Queuing in KFC's Hastings drive-thru last night it dawned, again, I shouldn't be doing this.
The guilt was quickly trumped by the aroma from a brown paper bag passed through the driver's window. The windscreen fogged, rendering the interior a glorious spice-infused car-sauna.
God bless the late Colonel Harland David Sanders and his endless coop of fowls.
Minutes later, drumsticks stripped to the bone, seasoning left indelibly on the palate, endorphins released courtesy the chilli and fat coating the tongue, I was reminded this was the final day of Men's Health Week - bang in the middle of "Junk Free June".
Truth be told that realisation came in the drive-thru. (There was a car behind me so I couldn't reverse out).
Maybe next year then.
Being male, as we're reminded ad nauseam, is bad for your health.
Hence the boffins behind Men's Health Week who in the past five days urged us to take their online health test. Subsequently there's been much swapping of scores in the media and the workplace.
Thus, another instance of where wellness has become the new boast. Or, as another writer recently claimed, wellness has emerged as the new status symbol.
Doubtful?
Check out the more urbane cafes and spot the designer sportswear.

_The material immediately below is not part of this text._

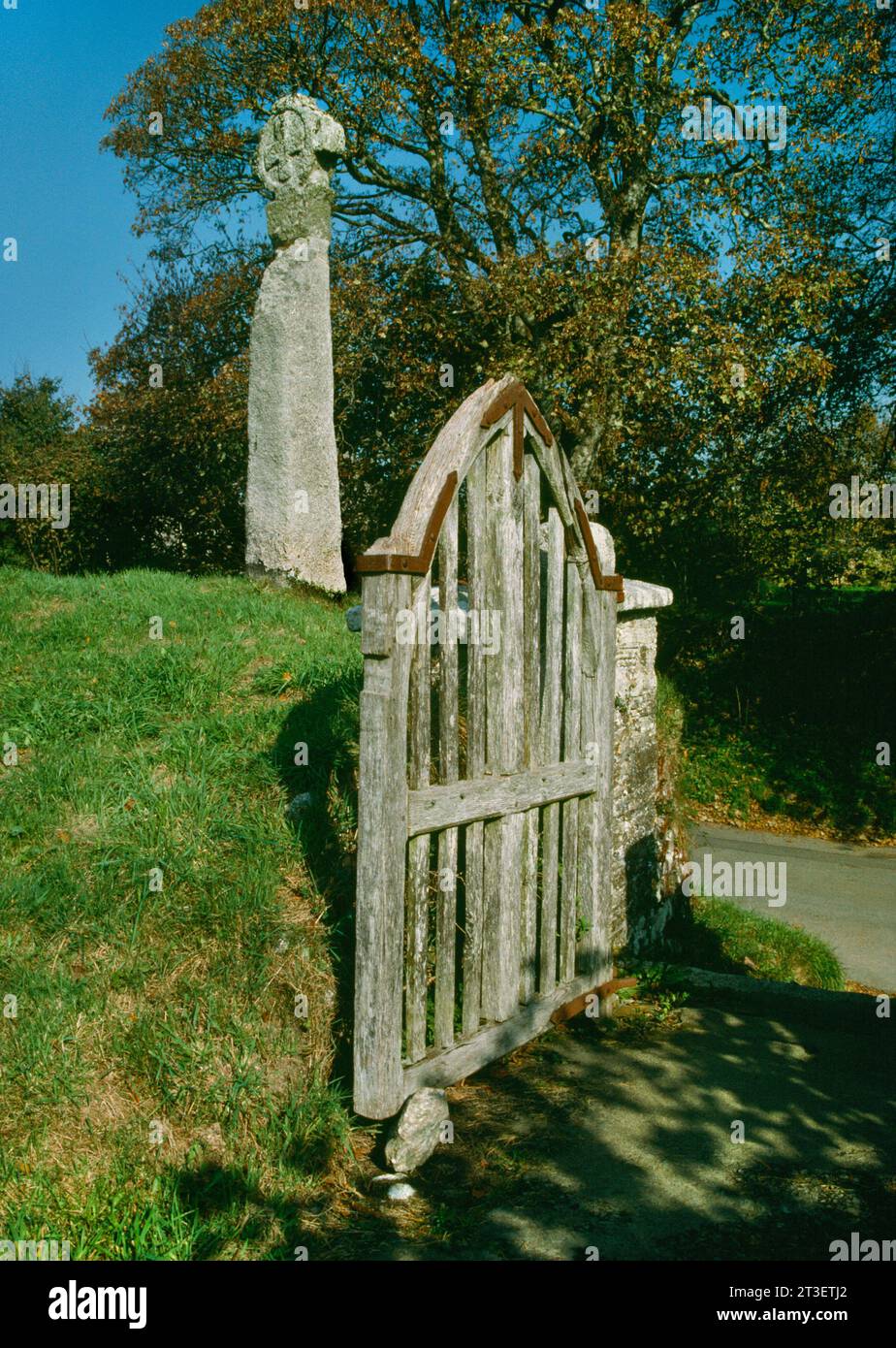 Un pilastro di granito inciso C6th sormontato da una croce medievale rieretta accanto al cancello del sagrato di Cardinham, Cornovaglia, Inghilterra, Regno Unito. Foto Stock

I'm not talking about the patrons who bike to the cafe, but those who arrive with neither visible sign of having exercised, nor the intent to do so after downing a cappuccino and bookend piece of mud cake.
Nike, Under Armour, Skins, KooGa and Adidas are today's cafe couture. Active is the new black.
Maybe that's why us blokes find the health imperative a tough pill to swallow. 'Tis a noble cause, but we detest fashion as much as we detest heading to the GP. That's why our better halves dress us and make our doctor's appointments.
And let's not dismiss the other obstacle, namely the portly Colonel Sanders, hardly the picture of health, presenting somewhat like a blond Rolf Harris, forever beckoning with his cursed chicken.
But is he really a stumbling block on the male road to health?
Here's a man whose assemblage of spices won over the world, the man who apparently ate copious amounts of his secretive product - until his death at age 90.
Not a bad innings for a chap who no doubt would have returned a shocking result, had he completed this week's health test.